My story goes like this, I was always interested in electronics and it was in the early '70s that I built an (awful) electronic organ (Practical Wireless I think !), and I played it in a band. The base player also had some keyboards so I played them as well. I think it was him (or the lead guitarist) who gave me the Maplin 4600 manual and a couple of negatives for PCBs.
At my first job, there was a PCB department and, as you do, I got friendly with the manager. He made me some boards, controller and transient I think, I will be able to identify them when I open the machine up for photographing. I do remember that I made the VCF PCB using the "nail varnish and etch it in the kitchen sink" method!

These boards languished partly built for a few years when I found a 3800 cabinet on offer at the Southampton branch of Maplins, so now the game was on. I got hold of the 5600 manual and purchased the remainder of the PCBs! I had decided on a few modifications so I got the sheet metal supplier to make me a front panel using full size artwork that I had prepared. I think I spent a fortune on collet style knobs, but they are the "Dogs doodahs". I finally got it finished during the mid '80s, during my second job. By this time I had been able to arm myself with a Tek 465 'scope - a definite bonus when setting up. I never played it in a band but have had many hours of fun playing with the sounds that it can make. A while after I had finished, I decided that the keyboard controller needed to be upgraded to the digital one in the 3800, it deals with fast fingering better than the original.
While I had it apart I replaced the reverb driver transistors, they had blown.

Recently I was playing it and noticed that again the reverb was not working, so I had a proper hunt for the problem. I found that the 2 transistors where getting very hot almost as soon as the synth was switch on, look at the circuit again, spot the 2 diodes near the bases, these are supposed to be in thermal contact with the output pair for stability !. Put new transistors and longer legged diodes in, now they run slightly warm and the reverb has not failed since. I will generate a technical note if you like.
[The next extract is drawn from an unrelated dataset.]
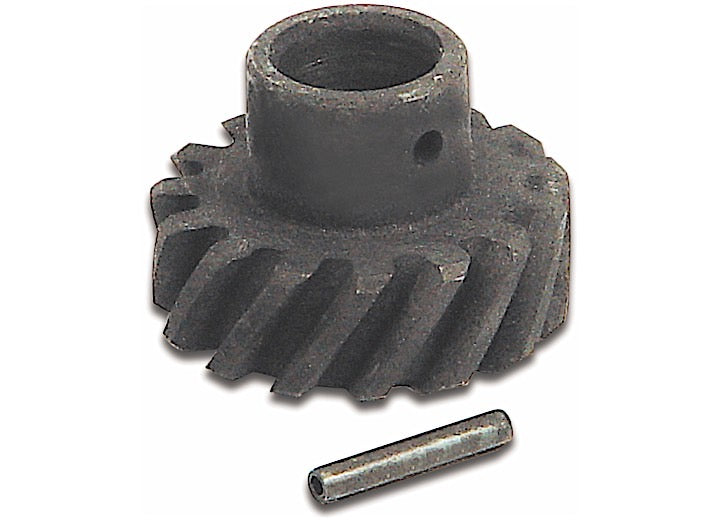 MSD 29420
Most recently I came across a guy on the O'Reilly forum looking for info on the 3800 he was building and it turns out that he lives 25 minute away! He now has a set of shiny PCBs generated from one of the 4600 manuals on the WEB and many hours cleaning up and re-scaling.

My synth gets used at school now and then and has now been joined by a DX7. The current thoughts on my 3600e, as I called it, are to add a PIC to the computer input and allow the thing to be sequenced by MIDI.